ASSIGNED TASK:
A precise copy of the data is required, with every picture left out.

EXERCISE DATA:

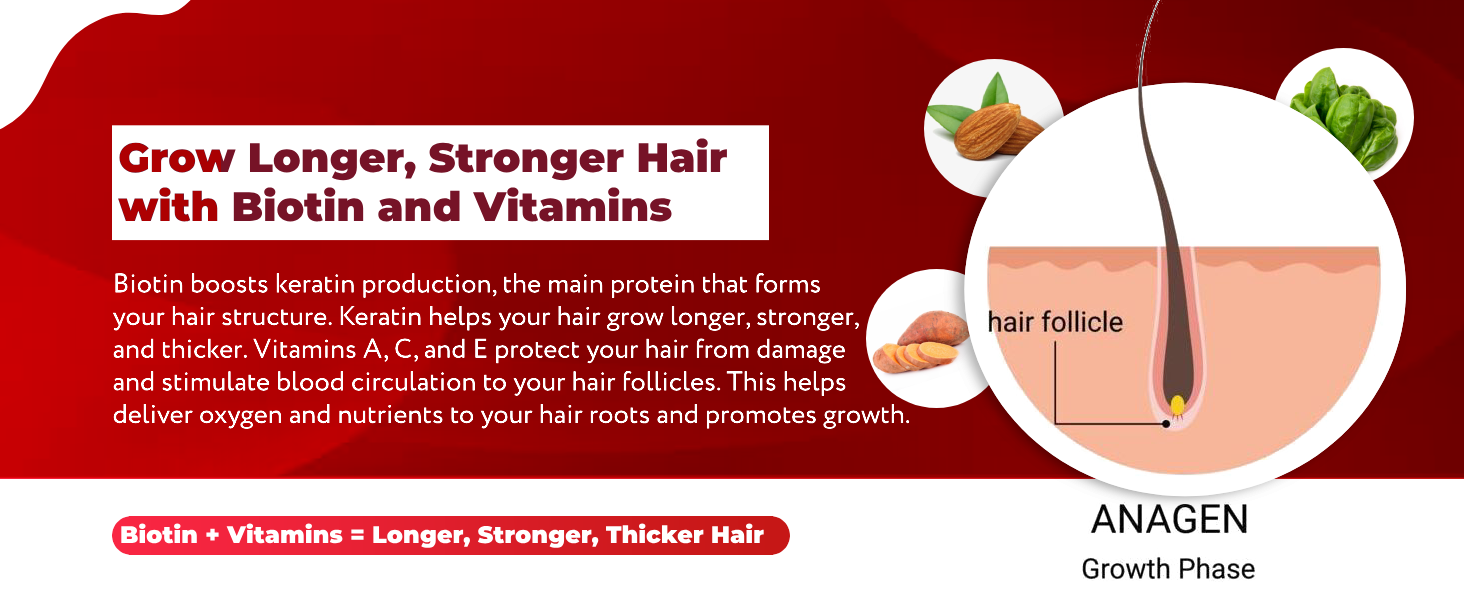 The Body Reserve Hair Gummies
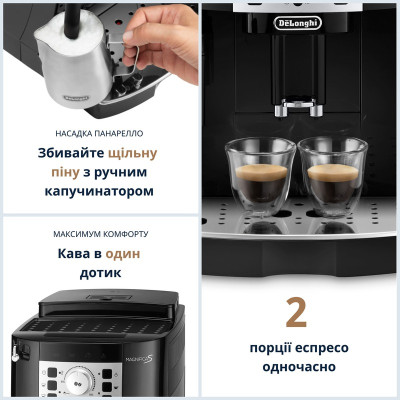 Кофемашина DeLonghi ECAM 22.110 B Кофемашина DeLonghi ECAM 22.110 B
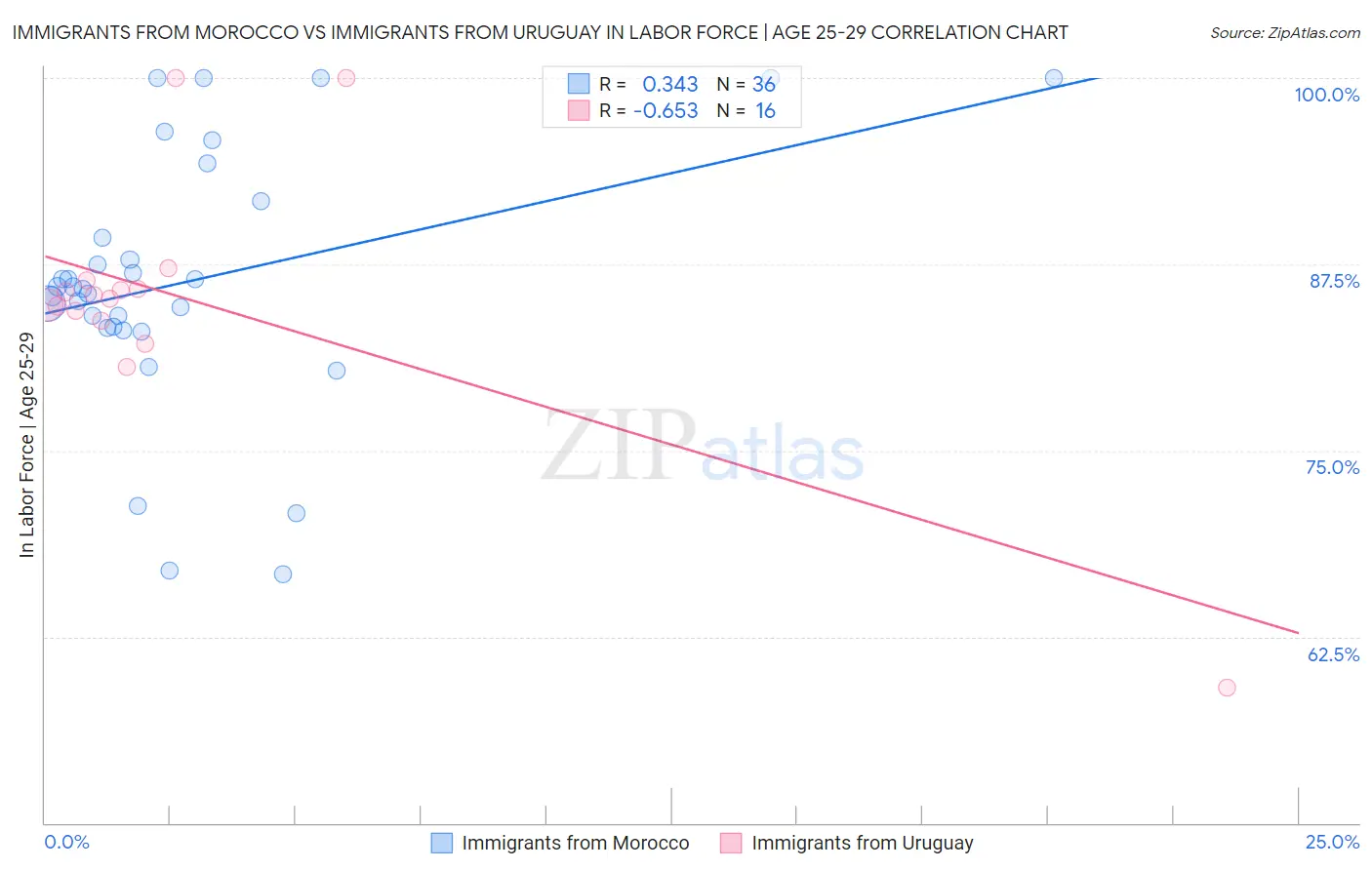 Immigrants from Morocco vs Immigrants from Uruguay In Labor Force | Age 25-29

RESPONSE TO THE EXERCISE:
 The Body Reserve Hair Gummies
 Кофемашина DeLonghi ECAM 22.110 B Кофемашина DeLonghi ECAM 22.110 B
 Immigrants from Morocco vs Immigrants from Uruguay In Labor Force | Age 25-29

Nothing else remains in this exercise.